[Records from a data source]
------------------------------------------------------------------------

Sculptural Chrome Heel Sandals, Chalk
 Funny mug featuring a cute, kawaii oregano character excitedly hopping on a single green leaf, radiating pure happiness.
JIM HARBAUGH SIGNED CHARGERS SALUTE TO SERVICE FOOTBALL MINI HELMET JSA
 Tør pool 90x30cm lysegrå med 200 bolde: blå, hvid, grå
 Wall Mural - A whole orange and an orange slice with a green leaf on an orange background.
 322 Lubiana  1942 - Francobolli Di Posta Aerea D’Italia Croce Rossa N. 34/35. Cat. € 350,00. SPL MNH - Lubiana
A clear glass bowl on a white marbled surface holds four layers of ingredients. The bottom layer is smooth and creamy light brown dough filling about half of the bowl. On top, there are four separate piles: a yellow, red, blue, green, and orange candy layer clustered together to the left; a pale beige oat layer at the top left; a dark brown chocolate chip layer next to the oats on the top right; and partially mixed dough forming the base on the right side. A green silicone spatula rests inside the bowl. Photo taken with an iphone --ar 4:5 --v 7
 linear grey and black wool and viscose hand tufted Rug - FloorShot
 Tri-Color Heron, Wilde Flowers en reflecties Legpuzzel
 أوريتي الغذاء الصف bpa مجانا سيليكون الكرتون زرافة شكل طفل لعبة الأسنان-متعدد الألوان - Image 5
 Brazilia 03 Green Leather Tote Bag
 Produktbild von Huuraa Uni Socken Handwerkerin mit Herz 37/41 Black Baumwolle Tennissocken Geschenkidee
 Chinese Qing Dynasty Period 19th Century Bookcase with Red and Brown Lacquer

------------------------------------------------------------------------

[Problem description] One line above contains "Produktbild von Huuraa". Output that line and each one after it, word for word, and nothing else.

[Solution for this problem]
 Produktbild von Huuraa Uni Socken Handwerkerin mit Herz 37/41 Black Baumwolle Tennissocken Geschenkidee
 Chinese Qing Dynasty Period 19th Century Bookcase with Red and Brown Lacquer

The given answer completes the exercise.